Da chi è partita la minaccia di strage?
Il pm Di Matteo è impegnato a Palermo nel processo agli ex ufficiali del Ros dei Carabinieri Mario Mori e Mauro Obinu per la vicenda della mancata cattura nell’ottobre 1995 del boss di Cosa Nostra Bernardo Provenzano. In aula durante la requisitoria ha detto che la mancata cattura è da vedersi come la più “significativa cambiale” pagata dallo Stato nel contesto della trattativa con Cosa Nostra.

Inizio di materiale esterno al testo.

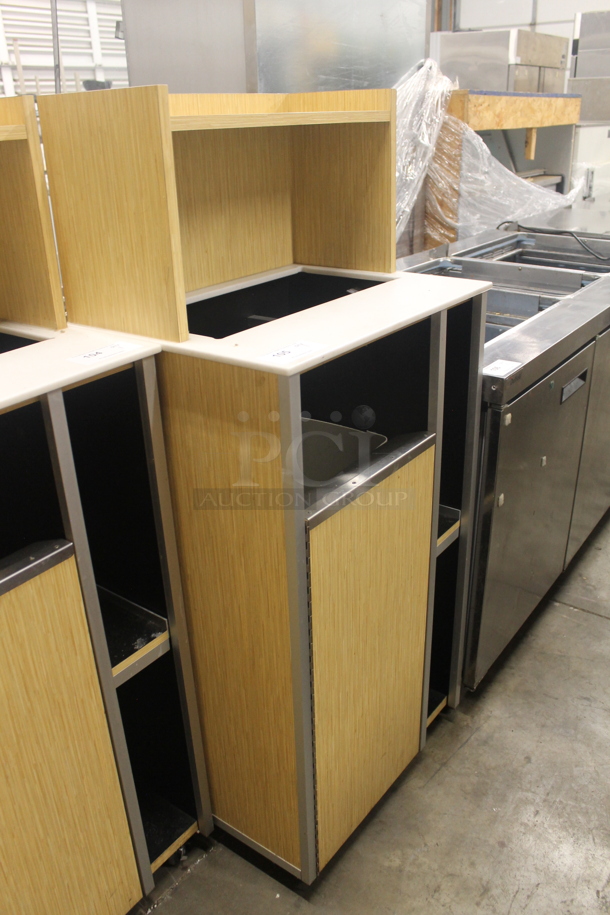 Wood Pattern Trash Can Shell w/ Trash Can, Trash Deposit Hole, Over Shelf and Door.  - Image 2 of 5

Il primo a parlare di trattativa – ricordiamo – fu Massimo Ciancimino, figlio del sindaco mafioso di Palermo. Oggi i due ex ufficiali sono accusati di favoreggiamento aggravato alla mafia perché sapevano che il boss si trovava in un casolare di Mezzojuso e non dissero nulla – secondo Di Matteo – «in esecuzione di pregressi accordi con le istituzioni.» Questo accadeva ieri quando la mafia temeva i cambiamenti politici dopo Tangentopoli, con la prospettiva di perdere le coperture istituzionali. Oggi la storia sembra ripetersi: la mafia teme, con il cambio della classe politica, che siano a rischio i propri affari criminali che si aggirano sui 140 miliardi. Così si spiegherebbe il fatto che qualcuno ha inviato al pm Di Matteo, impegnato nel processo sulla trattativa Stato-Mafia, una lettera con su scritto «Questo Paese non può finire governato da comici e froci». Nella lettera si annuncia pure un ‘botto’, una bomba entro maggio, tutto con l’assenso del boss latitante di Trapani Matteo Messina Denaro. Il regno di quest’ultimo potrebbe scricchiolare se non fosse più garantito dalla politica. E gli italiani hanno dato prova di voler cambiare la politica.
Certamente Beppe Grillo dà fastidio alla mafia perché vuole una legge anticorruzione veramente efficace, così pure lo vorrebbero Crocetta, governatore di Sicilia, e Vendola, governatore di Puglia. Il Ros dei Carabinieri non ha sottovalutato la minaccia soprattutto per Grillo, ma non può imporgli la scorta che non vuole. Secondo Salvatore Borsellino, fratello del magistrato ucciso dalla mafia, la lettera di annuncio di una strage non sarebbe stata scritta proprio da mano mafiosa, bensì da chi della mafia si è servito sino ad oggi, in quanto la mafia non minaccia ma esegue le sentenze di morte. Ciò che è importante sottolineare – secondo il procuratore generale di Palermo Roberto Scarpinato – è che fino a ieri «il governo dei tecnici con la sua legge anticorruzione, tanto inefficace quanto inutile, non ha davvero spaventato nessuno». Infatti – sostiene Scarpinato – nella legge approvata nel 2012 la prescrizione è così breve che produrrà la morte per molti reati dei colletti bianchi; la pena della concussione per induzione è diminuita; le intercettazioni spesso non saranno consentite. Si chiede il procuratore Scarpinato se è chiaro ai nostri governanti che l’illegalità è diventata la principale causa della crisi economica, visto che ci sono 500/700 miliardi di euro di capitali all’estero, più 180 miliardi di evasione e corruzione. E la politica, invece di tagliare questi costi per lo Stato, taglia i costi dello stato sociale. I beni pubblici vengono smantellati con le privatizzazioni, svendendoli a cordate di imprenditori che privatizzano i profitti e socializzano le perdite (con le bad company). Ma allora chi salverà l’Italia? Chi sinora l’ha portata sull’orlo del baratro? Io non credo che saranno le oligarchie di partito a salvare il Paese! Ci vorrebbe più azione popolare, come sostiene Salvatore Settis nel suo ultimo libro Azione popolare. Cittadini per il bene comune (Einaudi).